Teo Interview


Introduce Yourself: I am Teo, an introverted incoming freshman.

Thoughts On People In The World?: Despite the continuous increase of bad news brought about by humanity itself, I do believe that the good still outweigh the bad. I truly believe that there is light in everyone’s thoughts and warmth in everyone’s hearts.

What are your inspirations & goals?: First and foremost, I’d like to be successful in my future career, and I’d like that my passion would be as strong as ever regardless of stressful situations I may encounter that may drag me down or even make me dislike what I aspire to be.
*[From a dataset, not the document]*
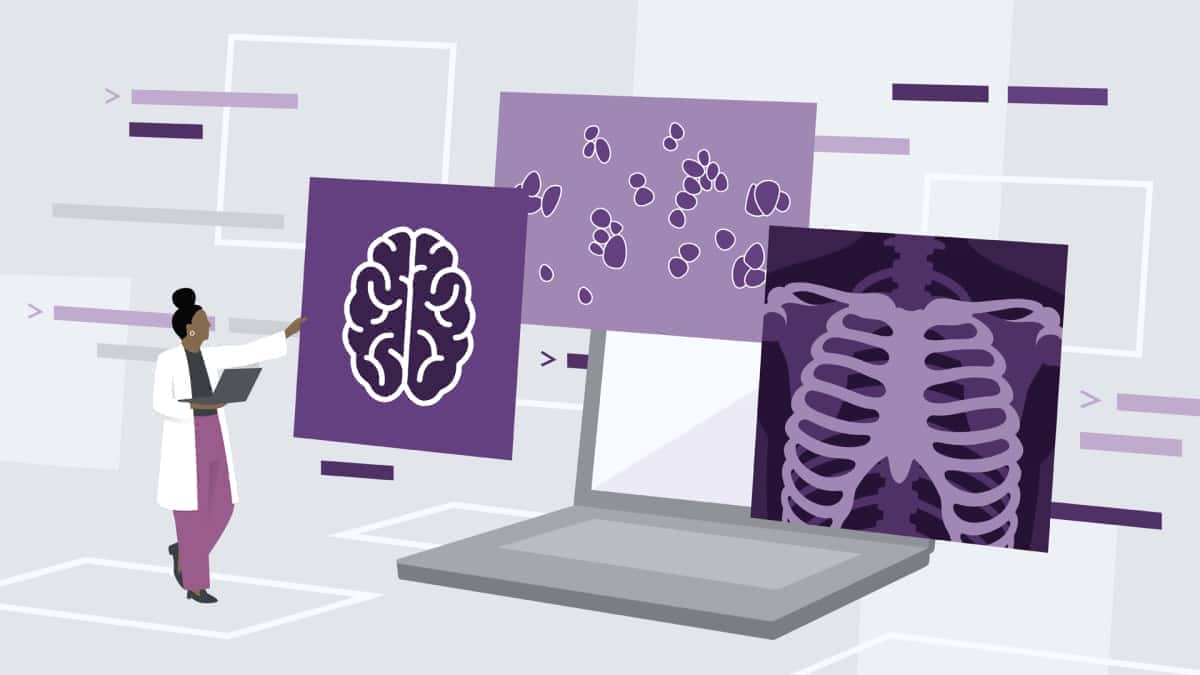 آموزش نمایش هوش مصنوعی: تصویربرداری پزشکی با یادگیری ماشینی Azure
How would you impact the world?: As simple as it may seem, I’d start to impact the world by treating people with kindness. I strongly believe that kindness is one of the many universal languages we have. If I treat people with kindness, it acts like a beacon for others to continue spreading what is right rather than what is wrong. Also, if I were to finish my studies, I would like to give back to people, even if I have to work for free. Nothing sounds as better as being able to help save lives and make people smile.
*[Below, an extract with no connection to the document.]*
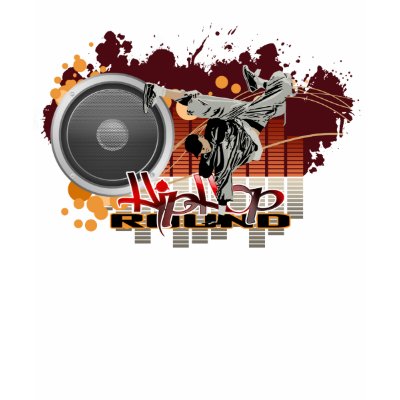 Hip Hop Tee Shirt by alprod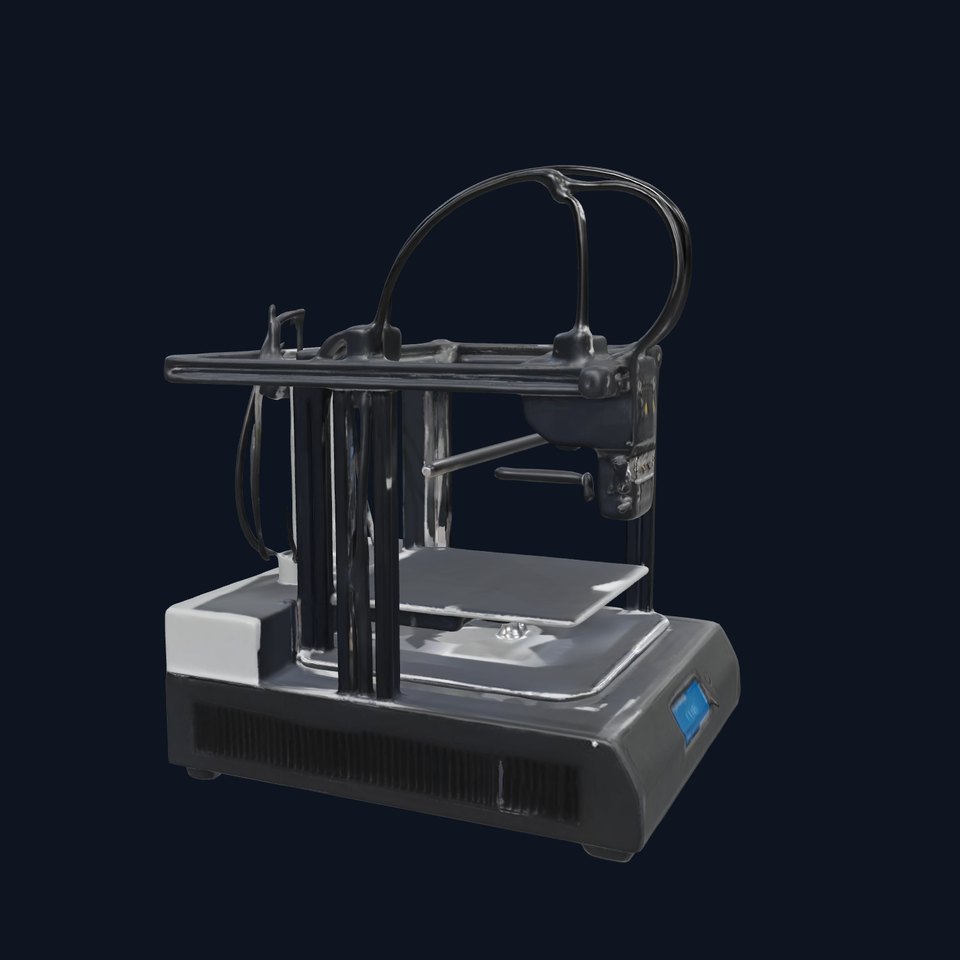 D Printer Model Pack  High Detail and Functionality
Struggles In Life? : All throughout my life, I have been a really shy person. I think that this has hindered me from reaching my limits. I succumb to the thought that I am satisfied with what I already have, rather than expanding my circle of friends and experiences. My shyness brought me to a position that I get scared to try out new things and to take risks. I want to be able to fully understand what “you only live once’ means. I want to try things and fail, yet improve. I want to break rules and learn from mistakes. I want to be more vocal of my opinions, yet still listen. I want to love, yet be sure. I want to lead, yet still reach out to those I govern over. There are a lot of things that I believed I missed out on due to my being shy, and I like to change it to try and live my life to the fullest.
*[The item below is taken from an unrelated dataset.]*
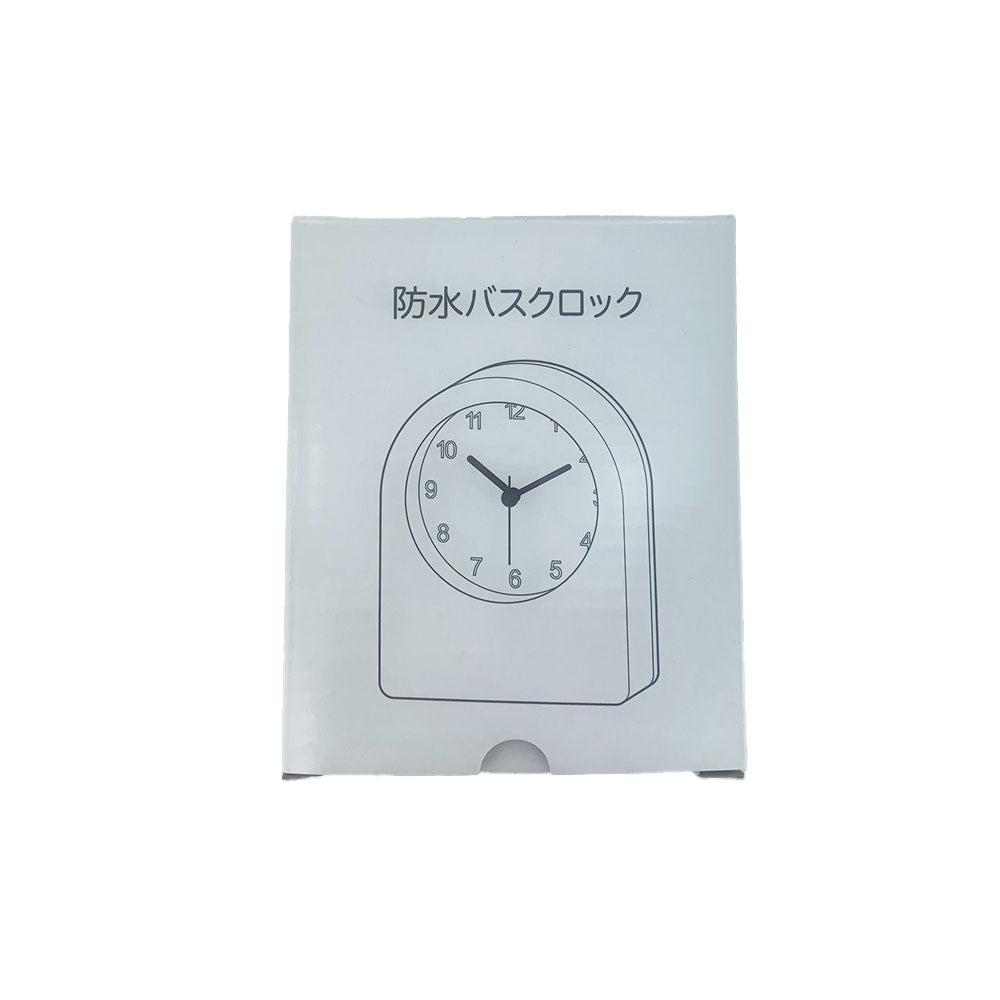 防水バスクロック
How do you feel about yourself? Any changes you would make? : Honestly, I feel very mediocre. Like I haven’t achieved or experience enough at my age. I feel like I should be doing more, extending my circle of interests and friends, and stepping out of my comfort zone more. The risks I take are so little that it has confined me in a mentality that I should not do things in fear that I might fail or I may look stupid. I also feel sorry for myself sometimes for being hesitant. If I were more confident, it would surely make me a stronger person. Though changing oneself takes an incredible amount of time and effort, I’d like to change by doing things one step at time.

What does love mean to you?: I think that love has no solid definition. Love is not simply having feelings for your significant other, or having that strong bond you have with your family or friends. Love extends to the depths of everything and anything, whether it be a subject that pierces your interest, a hobby that ignites you, a dream that you want take a hold of, a value you see important, a belief you swear your life to, or even an inanimate object you hold dear.